When we go out job hunting, especially when we are just starting out, it can be an incredibly daunting task and a job rejection can take a huge toll on your mental wellbeing.
That night I went to bed and the interviews kept on replaying in my head, but this time, the thoughts were accompanied with where I could of went ‘wrong’.
The next morning, I was tired, I felt pretty defeated, but this wasn’t the first job rejected I had had. So, I knew I needed to do my best to shake it off as I could probably go on and on and replay the interview over and over in my head until I had made up something that was so far from the truth.

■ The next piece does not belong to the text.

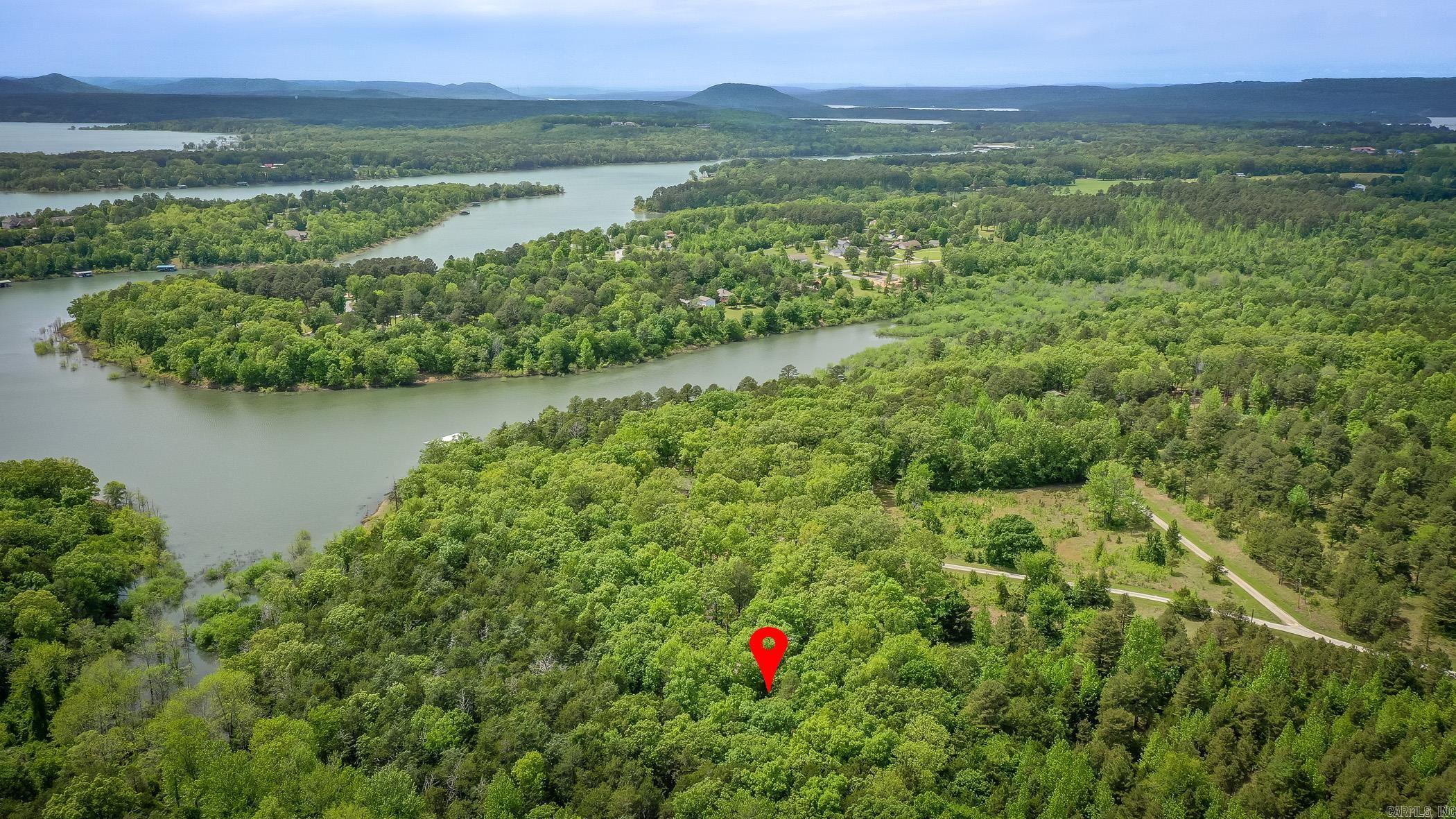 143 Hurricane Dr. Greers Ferry, AR 72067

I reminded myself that maybe they were looking for someone with experience in a certain industry, function, or region that I didn’t have.
Maybe they liked the other candidate’s writing style, thought process, or approach to the role a little more.
In sports, there are winners and losers, the lines are usually pretty clear. In the talent market, not so much.
Am I a loser because I didn’t get the job? Who knows? Maybe the job would have been horrible, maybe the person who would have sat next to me only ate tuna or egg sandwiches. Who really knows?
When I didn’t or, when you don’t get a job you think you want, the job you think is the perfect fit, you have to trust in a higher power – God or Mother Nature, the Universe or the laws of physics – and, most importantly, you have to trust yourself.
We are programmed to think that when we lose out on something, it’s bad. We think we failed. We forget that if our path were just an endless series of wins, we would never learn anything. We would never appreciate anything, either. We would never reflect. Maybe you won this round, but you don’t know it yet!
The right job is going to show up. If you beat yourself up every time you don’t get a job you interviewed for, you will drive yourself crazy. There is a saying that goes, “If you live by people’s compliments, you will die by their criticism.” Rise up, and don’t be too hard on yourself when a job opportunity goes south.